While making great wines, Markham also has made a significant effort toward sustainability.
“The character of our wines is intrinsically tied to the health of the soil and the vines,” said winemaker Kimberlee Nicholls. “We are committed to delivering excellence beyond just the wine inside our bottles.”
Those efforts include Napa Green Land certification, Napa Green Winery certification and Certified Fish Friendly Farming.
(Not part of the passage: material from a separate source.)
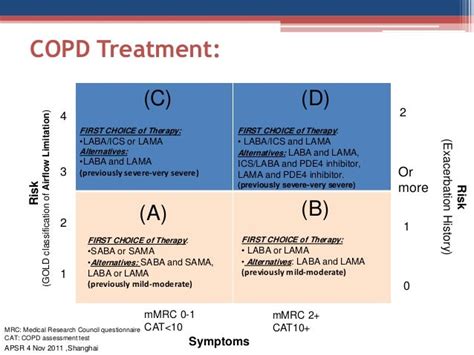 Stages Of Copd Chart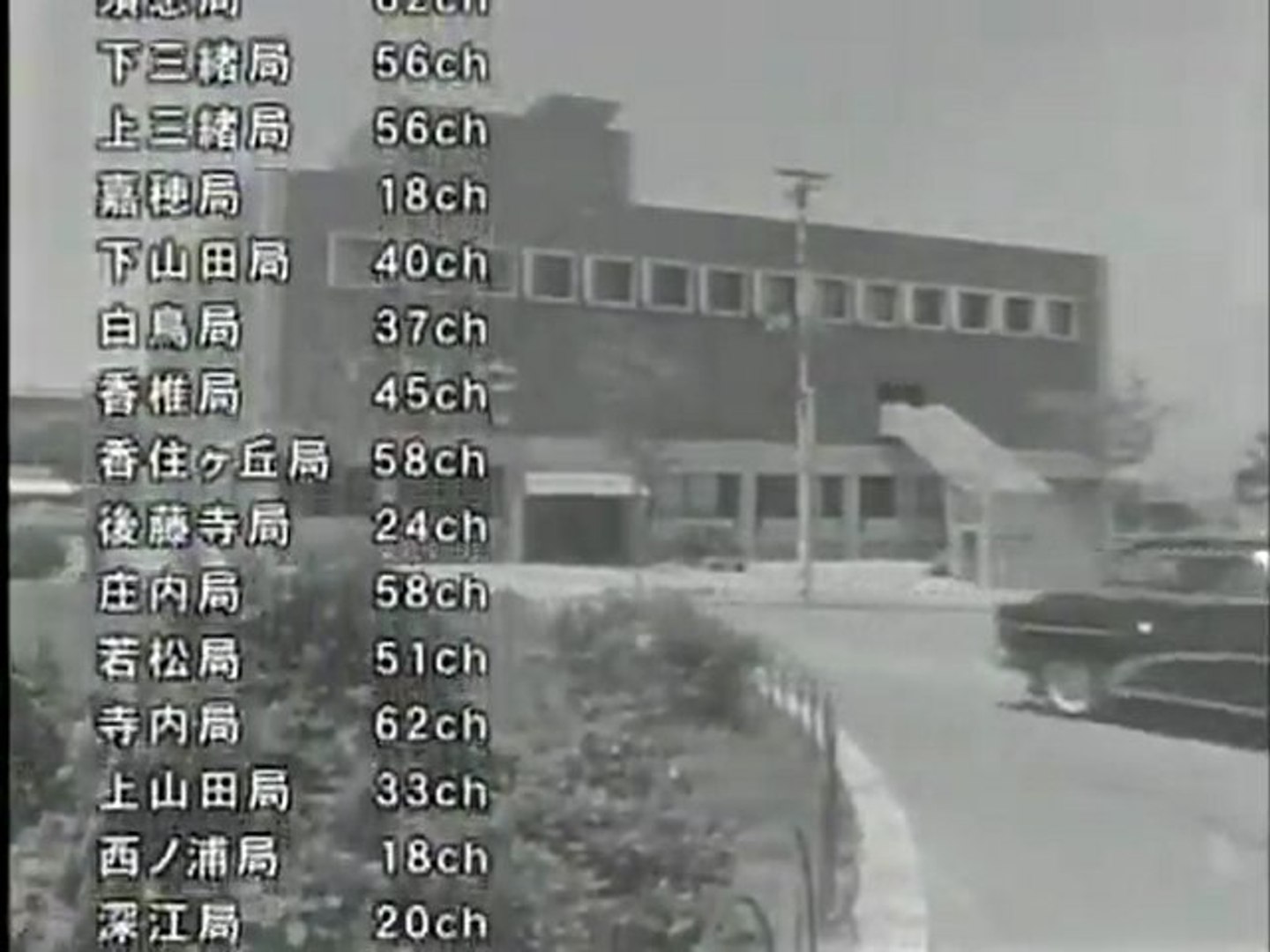 Tncテレビ西日本 アナログ放送停波前クロージング 動画 Dailymotion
They recycle all wastewater, are powered by purchased wind and solar energy, use grape pomace for compost, recycle everything and use environmentally preferred packaging.
That includes using light weight glass for their bottles to reduce fossil fuel use in trucking.
The Altruist also features a new label that features the Markham Cannoneer, a symbol that stands for the people, land and values that make up Markham’s past and present. As a US Navy veteran, founder Bruce Markham depicted a cannoneer from a treasured bronze sculpture on his first Markham Vineyards label in 1978.  The Altruist’s new package is part of a full overhaul of the winery’s packaging.
So let’s all hoist a glass to our veterans and first responders who keep us safe during these unsettling times.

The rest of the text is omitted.